The other weekend at the writers’ colony, I co-hosted a retreat on the gathering of joy and delight, based on Ross Gay’s The Book of Delights and Inciting Joy. In teaching these subjects, I realized I’m actually pretty good at noticing delightful things. Heck, that’s what I try and share with y’all here - the simple and good of life - the goats, the glimmers, the gratuitous musings of my country life. Some of the things we explored over the course of the day included the importance of being present in order to truly see, the fusion of joy and sorrow (both relate to what matters most in our lives), and the way that gratitude is most often a conduit to the positive feelings we experience when we are delighted by something.
The surprising concept that eventually came up was guilt. As in, perhaps we don’t experience joy because we feel like we shouldn’t. Or perhaps we shouldn’t partake in a delight because it feels flippant and unimportant. Or perhaps we disallow ourselves the pleasure of a good day because so many other people out there have it so much worse, and to enjoy all that we have (#blessed) can appear ignorant of the real horrors and struggles of the world at large.
I wonder, how often does guilt keep you from good things? I know for me, guilt often leads to overwork, towards using my one day off for chores (as opposed to rest), towards not doing the things I want because I’d feel selfish for putting myself first. Sometimes, guilt makes me afraid to speak the truth. Sometimes, it thrusts me into situations I don’t want to be in. And almost always, doing these things with guilt in tow only makes it worse.

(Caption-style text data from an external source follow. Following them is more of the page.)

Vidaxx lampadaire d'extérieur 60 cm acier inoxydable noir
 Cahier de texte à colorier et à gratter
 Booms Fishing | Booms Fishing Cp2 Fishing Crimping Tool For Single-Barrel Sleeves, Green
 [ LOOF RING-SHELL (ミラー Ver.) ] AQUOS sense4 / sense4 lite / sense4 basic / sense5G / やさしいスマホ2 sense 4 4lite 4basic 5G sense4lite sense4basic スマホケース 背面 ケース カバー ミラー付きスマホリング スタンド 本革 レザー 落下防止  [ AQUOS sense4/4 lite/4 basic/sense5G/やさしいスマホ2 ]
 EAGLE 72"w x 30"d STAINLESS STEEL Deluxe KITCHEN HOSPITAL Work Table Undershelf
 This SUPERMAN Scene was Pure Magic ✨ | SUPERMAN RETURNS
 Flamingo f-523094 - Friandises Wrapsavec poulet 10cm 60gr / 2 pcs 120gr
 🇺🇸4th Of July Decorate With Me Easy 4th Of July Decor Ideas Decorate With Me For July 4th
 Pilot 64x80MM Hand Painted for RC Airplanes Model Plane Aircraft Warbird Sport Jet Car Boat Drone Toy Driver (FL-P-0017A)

I’ve been in a bit of a personal rut lately. I’ve been busy, just like many of you, and I know it’s only going to get busier. I wake up, go to work, come home, squeeze in a quick solitary walk before the sun sets, make dinner, and try to relax with episodes of Little House on the Prairie (which, it turns out, is quite an anxiety-inducing show). The things that should feel good just feel like triggers, and I get frustrated with myself, like I should be doing more, like everything’s coming to a close and I still haven’t accomplished enough this year. But looking back, it’s been a big year, with a lot of hiccups survived along the way. I look around and find that I have just about everything I could want. Even in the thick of it, I can’t say it’s all that bad, and that, my friends, brings me to the subject of gratitude.
A unique perspective for Thanksgiving, amiright? But seriously, y’all.
Gratitude is one of those words that brings me both warmth and a little bit of ick. So often, it can feel trite, dishonest, or even a little too “Look at Me!”
But gratitude, when done “right,” is more than that. It’s about noticing. It’s about sitting in a present moment and - despite all the crazy, all the busy, all the stress - realizing that there is something truly remarkable about these lives we’re living.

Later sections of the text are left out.